» Task directions
The data below should be transcribed in full, with no picture included.

» Dataset content
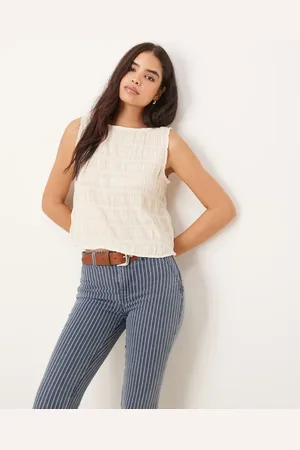 AWARE Sleeveless textured top in cream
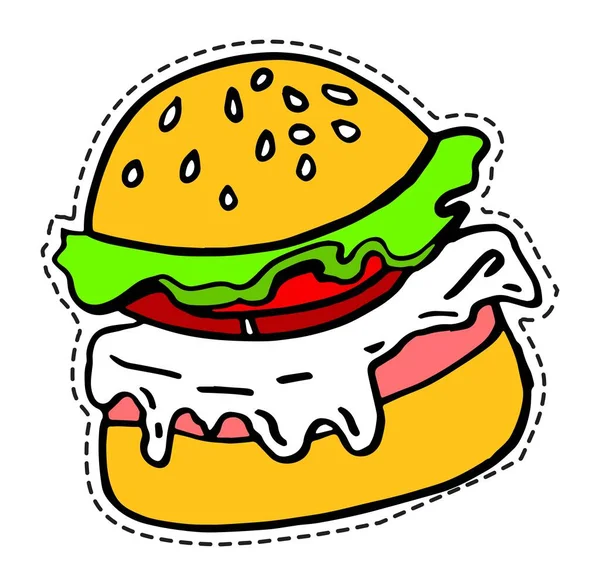 Hambúrguer ou hambúrguer, saboroso lanche adesivo fast food —  Vetores de Stock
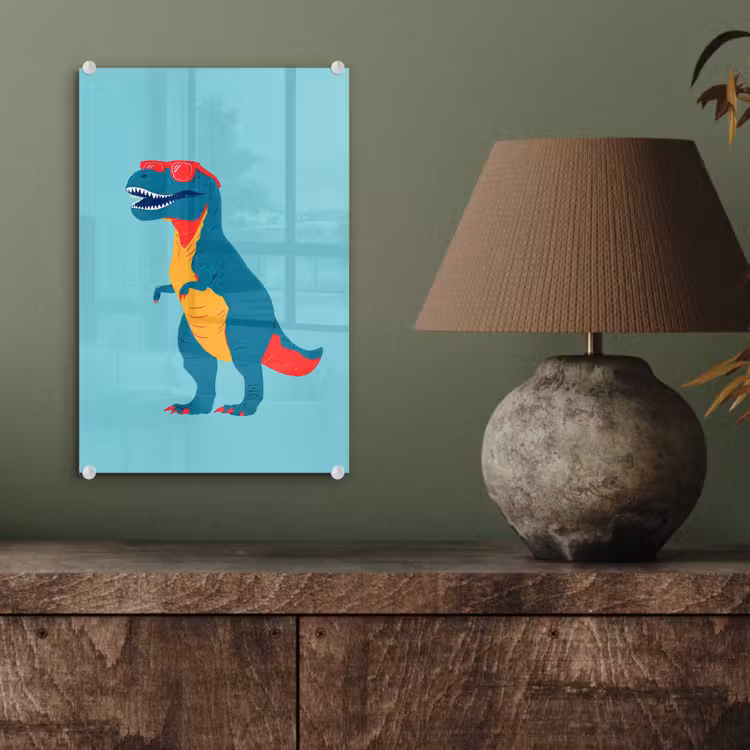 Glas schilderij - Dinosaurus - Blauw - Zonnebril — 4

» Answer area
 AWARE Sleeveless textured top in cream
 Hambúrguer ou hambúrguer, saboroso lanche adesivo fast food —  Vetores de Stock
 Glas schilderij - Dinosaurus - Blauw - Zonnebril — 4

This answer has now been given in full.